Home > Nazi doll saddens Holocaust survivor
Painful, not necessary,' says Calgary man. Manufacturer defends toy as
cool figure’
by JEREMY HAINSWORTH
VANCOUVER - Dolls depicting members of a Nazi SS combat division originally created to guard concentration camps are now available in Canadian stores.
Auschwitz death camp survivor Sid Cyngiser is saddened by the toy. He doesn’t think it should be on store shelves.
"It’s a painful thing to see that. It’s not necessary," said the 80-year-old Calgary man, whose grandmother, mother, father and sister vanished in the camps. "It’s 60 years after the war and people are still busy with hatred."
The `Totenkopf Division’ doll, sporting military fatigues and the trademark death’s head insignia on the cap, comes with a Walther pistol and gas mask. The packaging infers that the division fought in Normandy in 1944 as a tank unit ? which part of the division did.
The Totenkopf was, however, a group originally formed at Dachau, site of the first concentration camp outside Munich.

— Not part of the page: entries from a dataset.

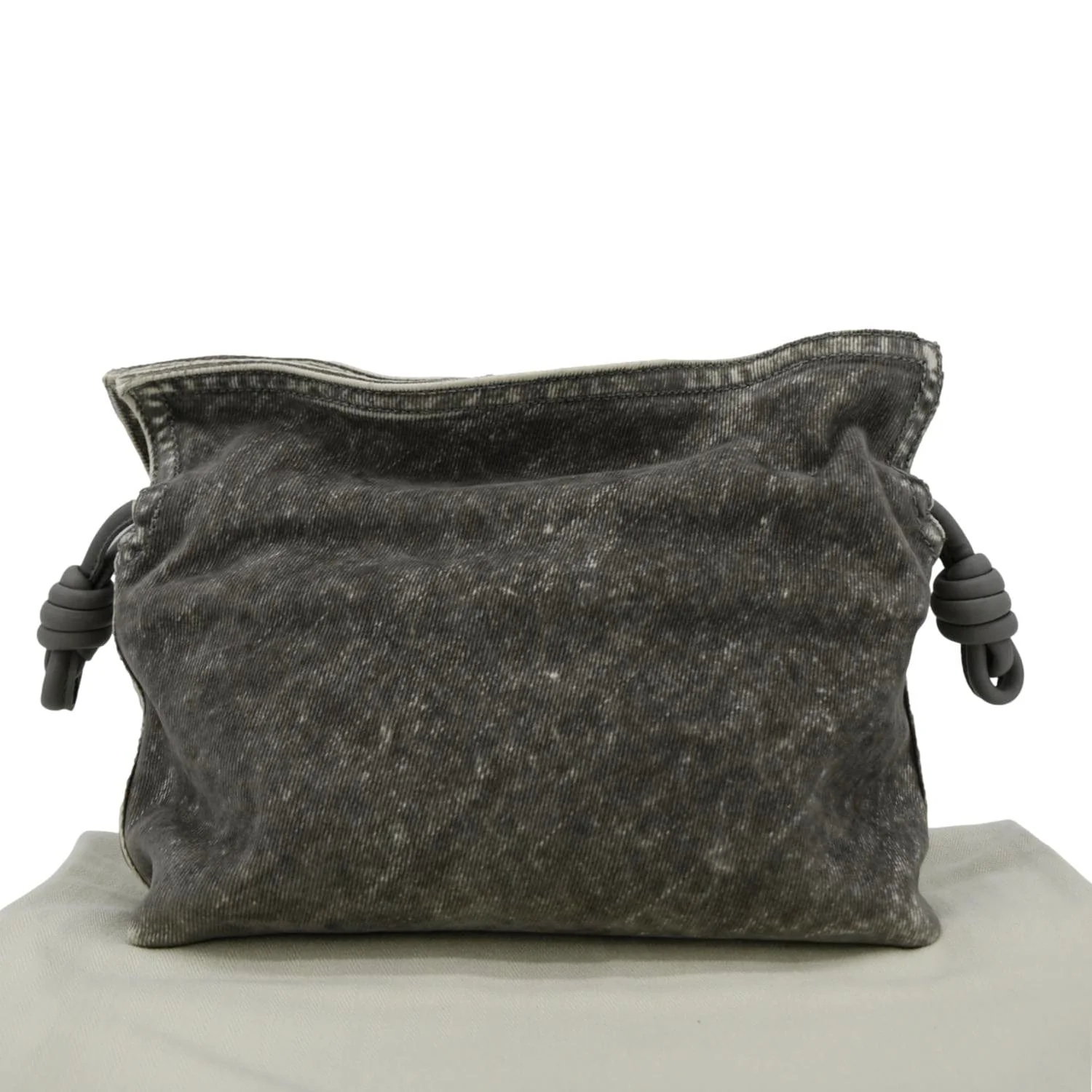 LOEWE Flamenco Medium Denim Flocked Clutch Bag Gray - Image 4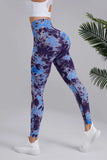 Znbbw Peach Yoga Pants Women's Dual Color Tie Dye Tie Float High Waist Sports Leggings Lifting Hip Running Fitness Leggings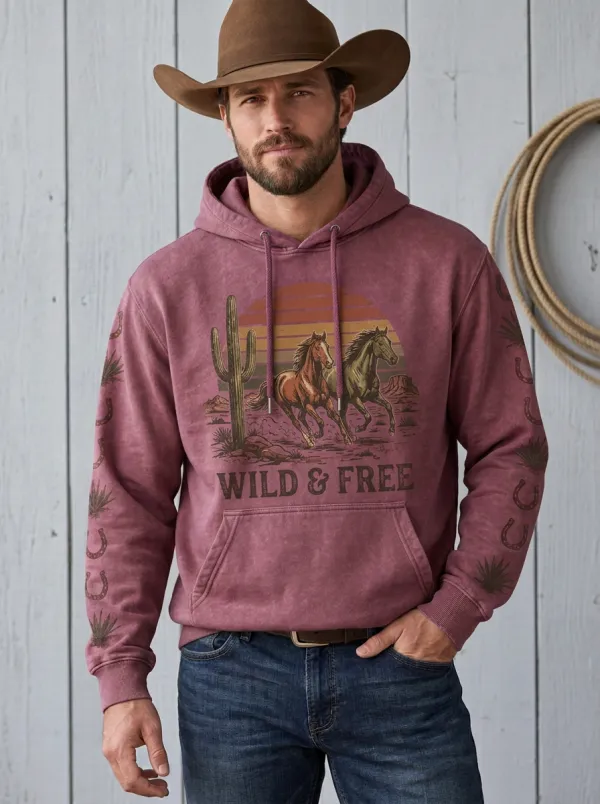 Range Rider Horse Cactus Silhouette Men's Western Sweatshirt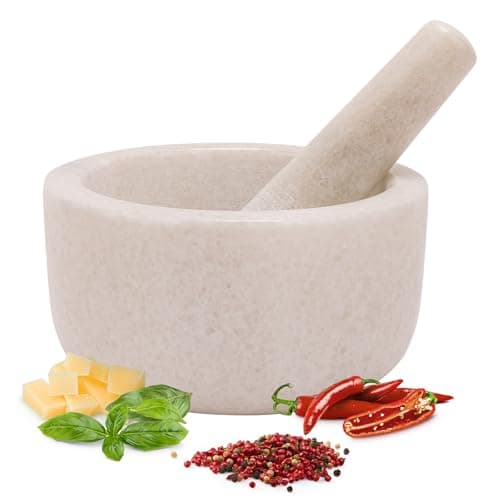 Image of H&S Alliance Mortar and Pestle Set - Premium Stone Pestle and Mortar Grinder - Spice Herb Small Grinder for Kitchen - Pesto Guacamole Maker - 18cm (7.1") Diameter - White Marble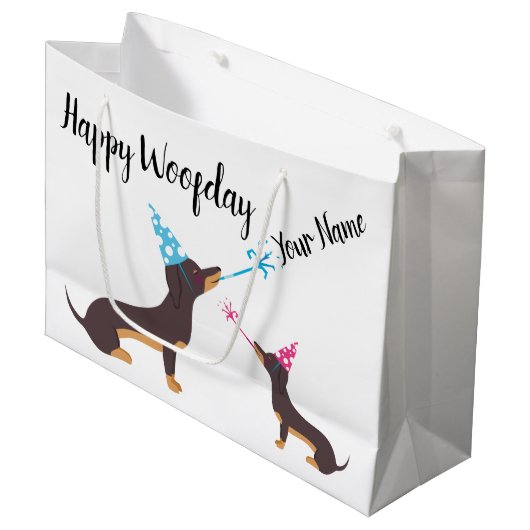 Dachshund Party Groot Cadeauzakje (Voorkant Gekanteld)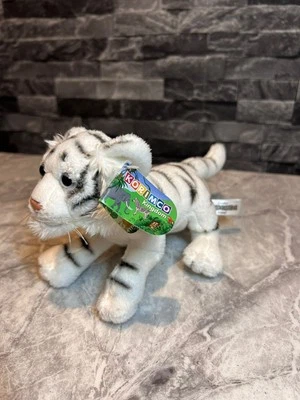 Korimco Another Friend White Tiger Soft Toy Plush Teddy 8" Long  - Image 1 of 4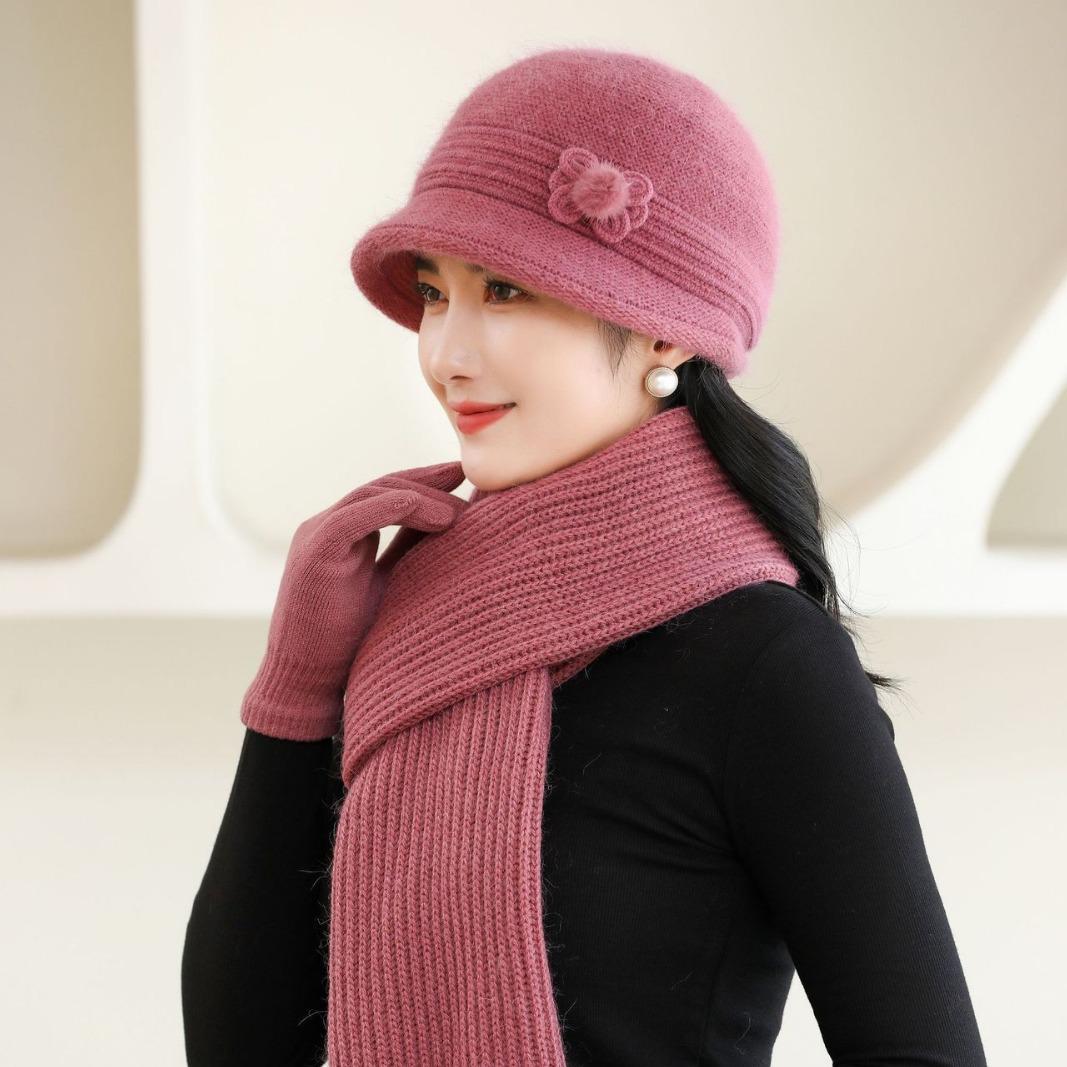 

New Autumn and Winter Warm Rabbit Hair Hat Woman Mother Hat Set Old Lady Thickened Pot Hat Fashionable average size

It opened in 1934.
Martin Kitchen, professor emeritus of history at B.C.’s Simon Fraser University, said the sale of the dolls is "most extraordinary."
Kitchen said it was a "fanatically ideological group" numbering about 40,000 members at its peak.
"They were a nasty bunch," Kitchen said. "They were responsible for a number of atrocities on the Eastern Front."
The figure is part of a World War II series from Plan-B Toys of Groveport, Ohio.
Other figures in the doll series include several Waffen SS figures and a variety of U.S. airborne soldier figures as well as regular Wehrmacht troops. The Waffen SS sniper comes with a recruitment poster.
The SS was the elite private army initially formed as a bodyguard for Nazi leader Adolf Hitler. Plan-B co-president Chris Borman said the company did not set out to offend anyone but was just portraying the Totenkopf troops that fought in Normandy.
"Everyone knows the Germans were Nazis in World War II," Borman said. "We picked them because they’ve got the coolest gear. It makes for a cool figure.
"There’s really no harm in it," he adds. "We won the war. We already know the outcome.
"That division was involved in some terrible things, but wasn’t everyone during World War II? It’s just history."
Leigh Poirier, executive director of the Canadian Toy Testing Council, said her group wouldn’t even look at a toy like this "due to its negative nature."
"It doesn’t promote positive play for children. Our mandate it to encourage that."